Older drivers seemed more cautious around eating and drinking while driving, with only 10% of 55 to 64 and 65+ respondents believing it to be legal. However, 42% thought smoking while driving is legal.
Lesser Known Illegal Activities
There are activities many of us do behind the wheel, or assume are perfectly fine bits of behaviour, which are actually illegal. Nearly 8% of drivers think it’s fine to throw an apple core or banana skin out of the window, but it actually comes with a £75 fixed penalty fine, which has been enforced.
Sleeping in your car is perfectly fine, as long as it’s parked legally, unless you are drunk. The law states that those in charge of a vehicle must not be inebriated. As the only person in a car, even if its engine is off, this could be interpreted as being in charge and result in a fine, points on your licence and potentially a driving ban. Only 11% of respondents mistakenly believed it to be legal anyway.
Driving without reasonable consideration for other persons is a driving offence with a fine of up to £5,000, under section three of the Road Traffic Act 1988. This includes actions such as splashing pedestrians with a puddle (and can lead to you failing your driving test). However, it’s more likely a £100 fixed penalty notice would be issued, unless for some reason the case went to court.
The Most Common Young Driver Offences
From constabularies across the UK we made a series of freedom of information requests that covered 16,858 driving offences caused by under 25 year olds. Based on fixed penalties issued to drivers under 25 from June 2015 to July 2017, the most common offence was speeding, which made up 82%. This was followed by drivers having no insurance and not wearing seatbelts, which accounted for 7% each and mobile phone offences that made up the final 4%.

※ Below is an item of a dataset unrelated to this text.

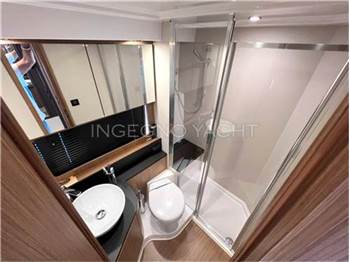 Azimut atlantis 43 hard top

Young driving offenders cause high premiums for new young drivers. At Robins and Day, our “black box” telematics finance option simplifies the option of financing your first car with a single monthly payment.
There are plenty of strange things people have seen happening behind the wheel. From someone brushing their teeth while driving to having a shave or eating a bowl of cereal, these are some of the odd things respondents claimed they’d seen on our roads. Many people have seen drivers with a dog sat on their lap too, which also counts as distracted driving and can lead to a fine of up to £5,000 and 3 to 9 penalty points.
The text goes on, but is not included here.